The Strange Life and Mysterious Death of Kim Jong-nam, Kim Jong-un's Brother
Kim Jong-nam, the older half brother of Kim Jong-un, is dead. The quirky fan of Disneyland—and of just not being in North Korea generally—fell ill at Kuala Lumpur International Airport (KLIA) and died suddenly on Monday. Was it murder? Maybe.
According to media reports from South Korea, the elder Kim—who is perhaps best known for being busted by customs officials when trying to enter Japan with a false passport in 2001, in an attempt visit to Tokyo Disneyland—was attacked by two females who killed him using either poisoned needles or a poisoned cloth. Malaysian police official Fadzil Ahmat reported that "the deceased felt like someone grabbed or held his face from behind. He felt dizzy, so he asked for help." He died in an ambulance on the way to the hospital.
Kim Jong-un, the current leader of North Korea, certainly didn’t like his brother very much, and has taken a shot at him before—so it wouldn't be surprising if the North Korean government had something to do with his death. If they are responsible, it certainly took a bit of effort. While his ill-fated trip to Disneyland eventually saw him exiled to Macau by his father, the late North Korean dictator Kim Jong-il, Kim Jong-nam was not an easy target. He loved to travel, and in recent years had been spotted everywhere from Singapore to Jakarta to Paris (where his son, Kim Han-sol, lives). For a guy supposedly in hiding, he seemed to take special joy in running up tabs at expensive restaurants.
Historically, airports have been bad news for Kim Jong-nam. In 2001, he was nabbed by Japanese authorities at Tokyo's Narita International Airport for trying to slip into the country using a passport from the Dominican Republic—a crime made all the more bizarre because, in those days, he was the heir apparent to Kim Jong-il, the Shining Star of Paektu Mountain. He probably could have gotten VIP treatment with a North Korean passport, if only because they are so rare and almost never used more than once. On this trip, however, he preferred to travel as a Dominican named Pang Xiong (literally, “Fat Bear” in Mandarin).
This was the trip in which the globetrotter was attempting to visit Disneyland Tokyo. This did not go over well back home: After Kim was deported to China, Kim Jong-un became heir to the throne. (There is a middle brother, Kim Jong-chul, but he was passed over for being too feminine for his father’s taste.) Regardless, the official president of North Korea is Kim Il-sung, who died in 1994, making North Korea the world’s only necrocracy.

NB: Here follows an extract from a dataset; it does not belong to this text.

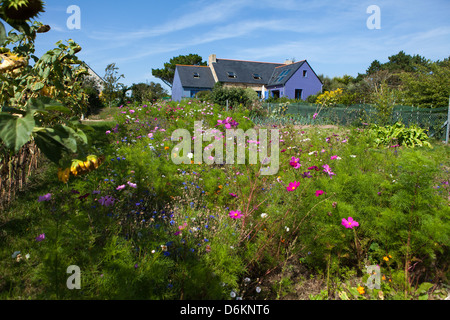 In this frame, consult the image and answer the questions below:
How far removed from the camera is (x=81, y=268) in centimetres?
148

Because the Kim family isn’t exactly known for their lavish press conferences, much of Kim Jong-nam’s life had to be pieced together from photographs and unofficial reports. He didn’t attend his father’s funeral, and certainly wasn’t there for his brother’s “inauguration.” He was also reportedly opposed to hereditary rule, writing, allegedly, “As a matter of common sense, a transfer to the third generation is unacceptable.” He also threw shade at his brother, which certainly didn't help his position in the actuary tables. “The power elite that have ruled the country will continue to be in control,” he wrote. “I have my doubts about whether a person with only two years of grooming as a leader can govern.”
Being any other Kim but the top one is a hard business. Kim Jong-nam’s mother was exiled to Moscow, where she died alone. His uncle, Jang Song-thaek, was declared by the North Korean state to be a “despicable human scum” who was “worse than a dog” and who “perpetrated thrice-cursed acts of treachery in betrayal of such profound trust and warmest paternal love shown by the party and the leader for him.” He was later executed. (Though rumor has it that he was fed alive to 120 starving dogs, experts say he was more likely killed by a firing squad.)
Kim Jong-nam leaves behind a legacy of booze, women, and mouse ears. Considering his brother’s affinity for building nuclear weapons and lobbing long-range missiles at any country that isn’t North Korea, an ardent desire to ride the world famous Jungle Cruise isn’t the worst way to be remembered.